Stored dataset items
-- Opening Marker --
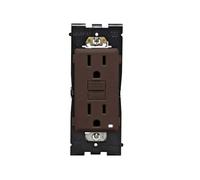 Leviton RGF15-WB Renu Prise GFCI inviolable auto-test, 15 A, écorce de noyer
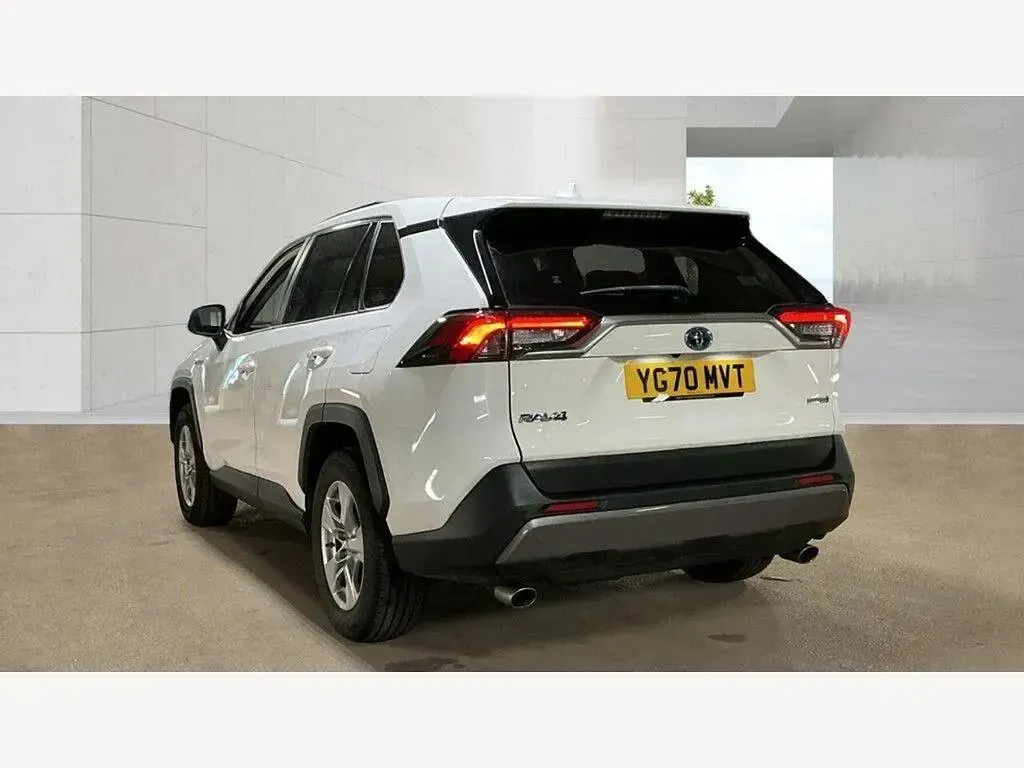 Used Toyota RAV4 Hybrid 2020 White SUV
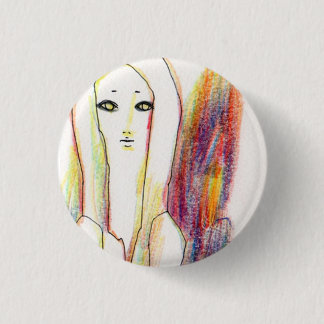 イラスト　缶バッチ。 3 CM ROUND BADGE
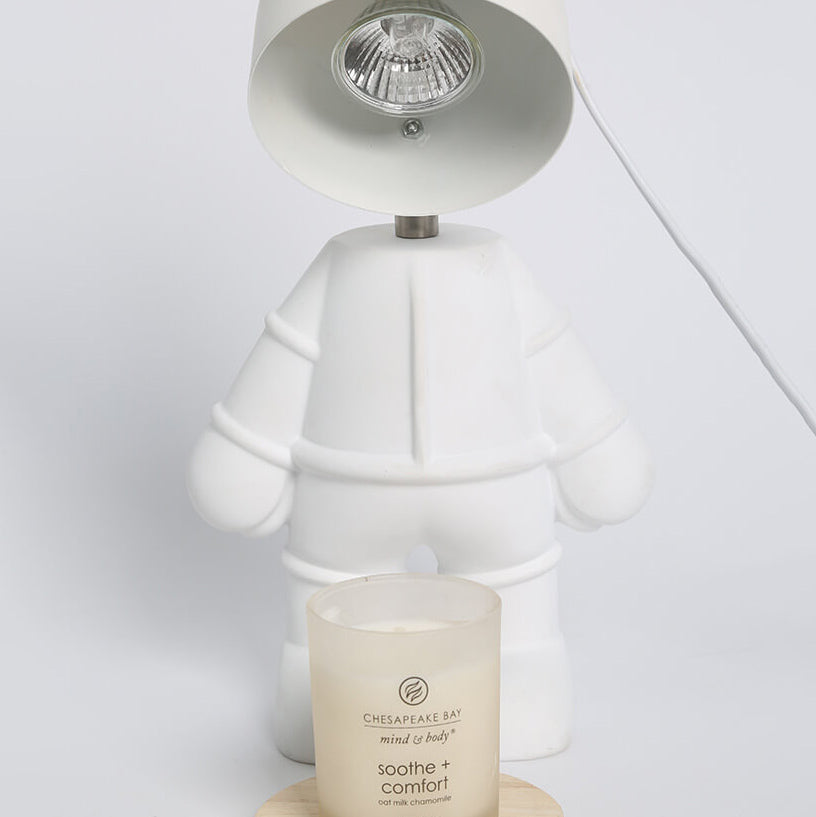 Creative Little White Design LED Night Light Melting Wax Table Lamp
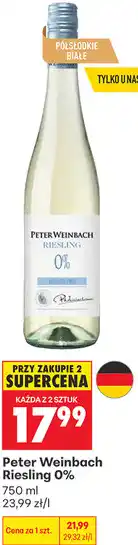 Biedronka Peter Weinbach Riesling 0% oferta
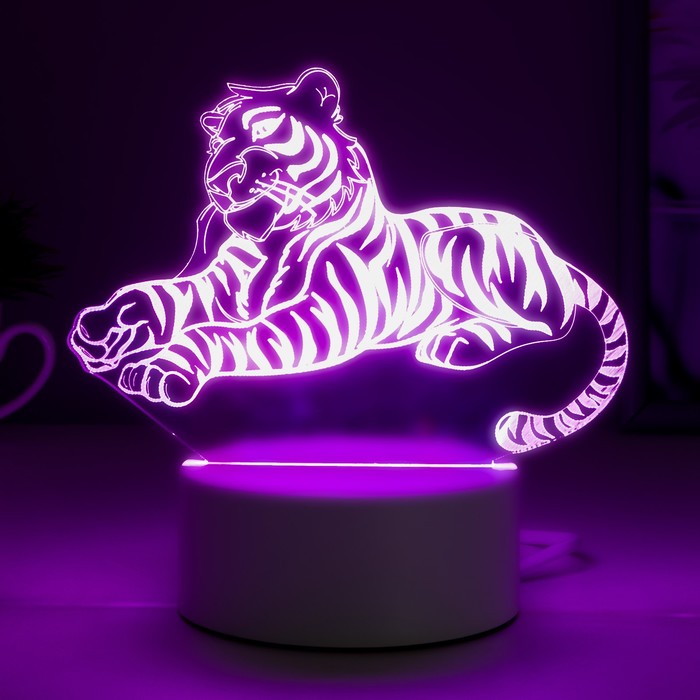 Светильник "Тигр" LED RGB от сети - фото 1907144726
-- Closing Marker --
§ WORK TO COMPLETE: Please print the lines above exactly, beginning at the first line of the entries and ending at the line holding "Biedronka Peter Weinbach Riesling 0% oferta", and leave the pictures out.

§ SOLUTION FOR THIS EXERCISE:
 Leviton RGF15-WB Renu Prise GFCI inviolable auto-test, 15 A, écorce de noyer
 Used Toyota RAV4 Hybrid 2020 White SUV
 イラスト　缶バッチ。 3 CM ROUND BADGE
 Creative Little White Design LED Night Light Melting Wax Table Lamp
 Biedronka Peter Weinbach Riesling 0% oferta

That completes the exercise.